Bartley is the one of the two riders in John Millington Synge’s play, Riders to the Sea, the other being the ghost of Maurya's fifth son, Michael. The rest of the menfolk have already died in the sea. Bartley, the youngest of six sons, is now the sole support of the household. He earns income by riding horses into the sea to the steamer anchored far offshore, so that they can be sold at the mainland fair. Preoccupied with practical exigencies, he ignores his mother’s request not to go to sea, being the last surviving male of the family. He nevertheless asks God’s blessing on the family and rides off on the red mare, leading the pony. As Bartley is firm about going, Maurya makes the gloomy forecast that he would be drowned like the rest. When he is actually gone, she wails:
“He’s gone now, and when the black night is falling I’ll have no son left me in the world.”

And Maurya omits the giving of a blessing to him, an omission considered bad luck.
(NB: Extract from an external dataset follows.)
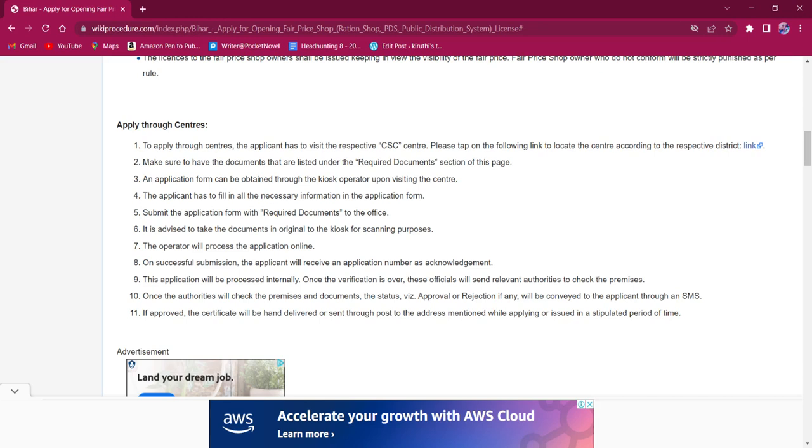The applicant must fill the application form with all the necessary information. The applicant must attach all the required documents along with the application form.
When she subsequently stands on the path trying in vain to say the blessing, he gives her his blessing again.

The mother returns frightened, a result of a terrifying vision of Michael riding the grey pony behind Bartley. Upon being told that Michael’s body has been found in the North, her only response is that at least the boards that the family had bought for Michael’s funeral could be employed for Bartley’s burial.
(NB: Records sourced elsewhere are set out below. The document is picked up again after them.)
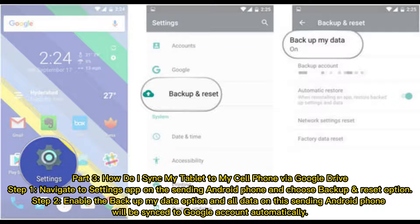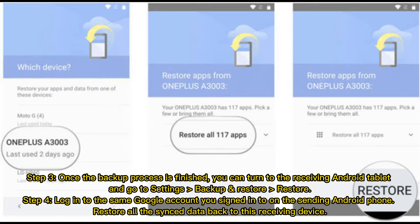Step 1: Navigate to the Settings app on the sending Android phone and choose the Backup and Reset option. Step 2: Enable the Backup My Data option and all data on the sending Android phone will be synced to your Google account automatically. Step 3: Once the backup process is finished, turn to the receiving Android tablet and go to Settings > Backup and Restore > Restore. Step 4: Log in to the same Google account you signed into on the sending Android phone, then restore all the synced data back to the receiving device.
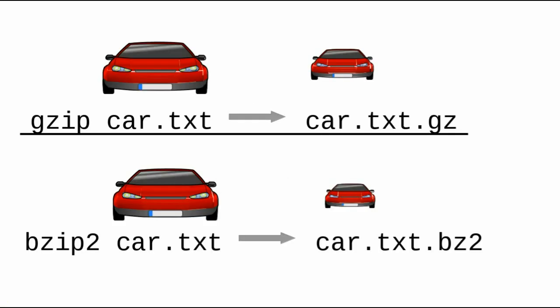Gzip isn't the only game in town. There's also a program named bzip2. It adds the .bz2 extension. So if I said bzip2 car.txt, I would get car.txt.bz2 as my output file. bzip2 works better on large files. The compressed files become smaller than with gzip, but it takes more time to do the job.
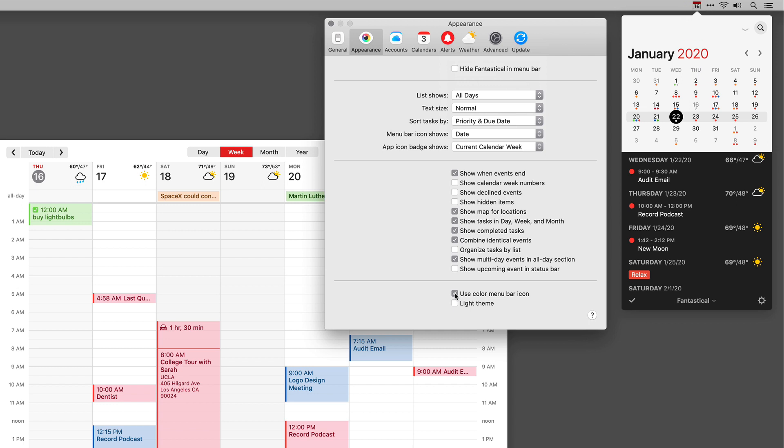One of the best reasons to use Fantastical is having that full featured calendar in your menu bar. Don't forget to use it.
The climax comes when dead body of Bartley is brought to home. Bartley had been fatally knocked down into the sea by the grey pony. On learning of Bartley’s drowning, Maurya says:
“ They’re all gone now, and there isn’t anything more the sea can do to me.”
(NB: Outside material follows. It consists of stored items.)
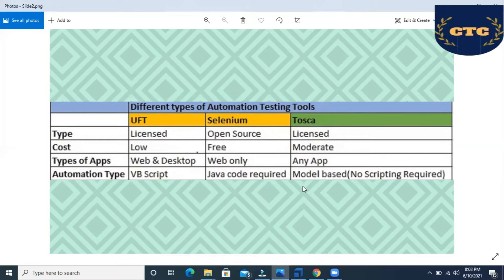UFT is compatible with web and desktop applications. Selenium can automate only web-based applications. Tosca can automate any kind of application — for example, web applications, desktop applications, mobile applications, API applications — any kind of application can be automated using Tosca.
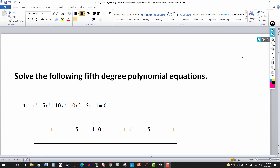In this video, we're going to look at how to solve a 5th degree polynomial equation. For number 1, we have a 5th degree polynomial. You can see the polynomial on the left side — it's arranged in descending powers. The exponents are 5, 4, 3, 2, 1, and then a constant, whose exponent would be 0.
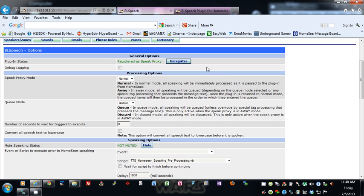The speak proxy mode: there's normal and there's away. Normal mode is when all speaking will be immediately processed as it is passed to the plugin from HomeSeer. In away mode, all speaking will be queued depending on the queue mode selected. Once the plugin is returned to normal mode, the queued items will then be processed in the order in which they entered the queue.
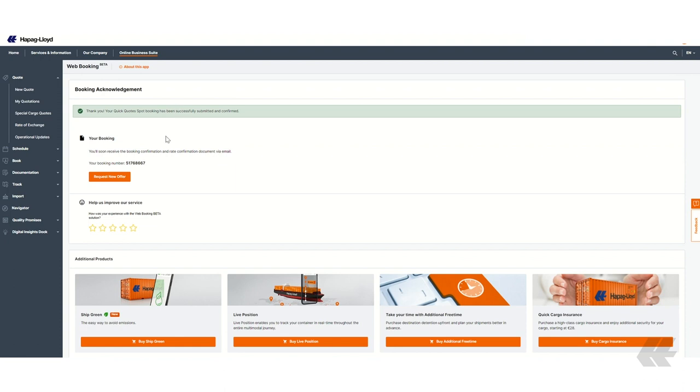On this final Booking Acknowledgement screen, you can see your booking number. You will also receive the booking confirmation and the rate confirmation via email in the next minutes.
There will be no need for Maurya to feel any anxiety about anybody in future because the sea has already taken away from her all her men-folk.

Stubborn in his decision to go to the sea despite the old mother's premonition and entreaties, Bartley stands for the survival instinct in man, the eros as opposed to the thanatos (death drive) of which the all-devouring sea is the pervading symbol. Bartley rides the red mare, while – in Mourya’s narration - Michael's grey pony follows him. It is the grey pony which knocks the red mare down into the sea. Cathleen forgets to give Bartley his bread at the time of his departure; Maurya is unable to deliver the bread as well as her blessing to Bartley at the Spring-well; we learn at the end that Maurya forgot to buy nails required for making his coffin. The symbols like the bread and nails, and the fact that Bartley's near-sacrificial death ironically salvages Maurya, may suggest that Synge conceived Bartley as a Christ figure.